Andreas Mertens / 17.10.2020

Felix Britannia!  Ungelogen, als Rheinländer .. und damit (mal wieder) Untertan Berlins, beneide ich England maßlos. Wäre die Schweiz nicht ein durch die EU erpresster Binnenstaat, könnte ich ihr ähnliche Gefühle entgegenbringen. Leider ist dem nicht so, ergo bleibt für die Confoederatio Helvetica vorerst nur Mitleid. Zumindest bis sich beim Auseinanderbrechen des maroden Brüssel-Molochs andere Optionen ergeben.
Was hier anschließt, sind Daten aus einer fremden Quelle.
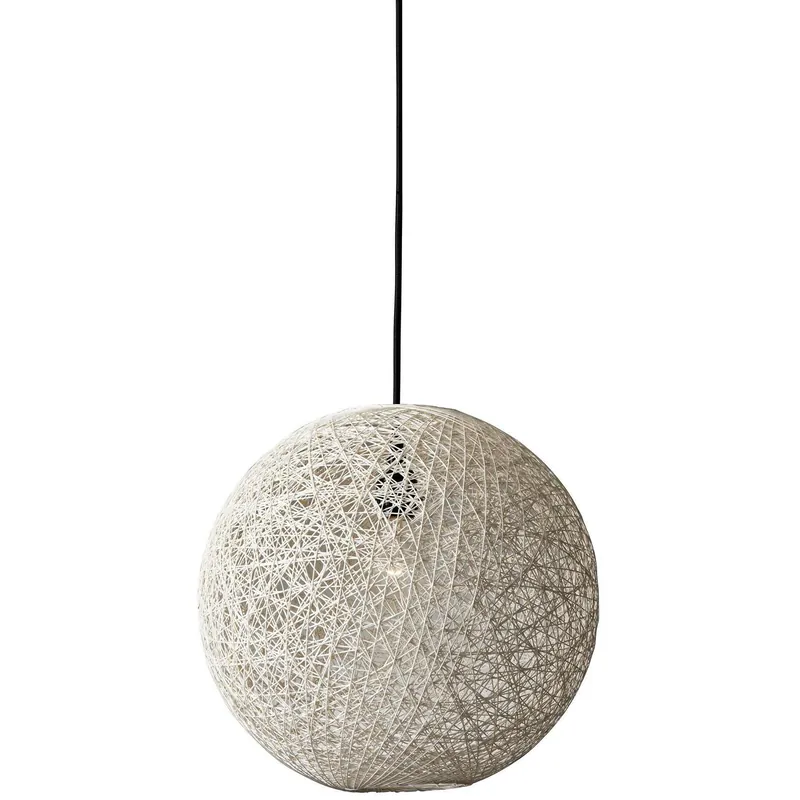 Havana 1 Light Cream Pendant Ceiling Light, Large Flash Sale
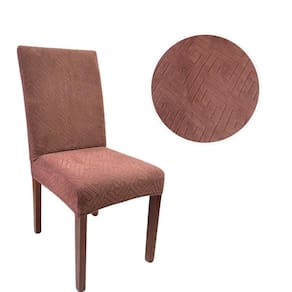 Kit 6 Capas De Cadeira Linha Gold Egípicia Marrom Escuro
Für die Canzuk hingegen sehe ich eine Zukunft. Vielleicht interessieren sich sogar einige Nordseeanrheiner zu ihr hingezogen. Quasi als eine neue Hanse. Norwegen, Schweden, Finnland, Dänemark und die Niederlande werden sich in Zukunft nach neuer Stabilität umschauen .. und sie finden

Kostas Aslanidis / 17.10.2020

Das die Briten, selber ueber ihre Grenze entscheiden, ist der groesste Gewinn. Wirtschaftlich wird GB, aufsteigen.  Der Anfang ist gemacht, um die kuenstliche EU, von der nur Deutschland profitiert, zu fall zu bringen. Wir wollen kein Imperativ aus Berlin, das Faschisten wie Erdogan, den Ruecken freihaellt.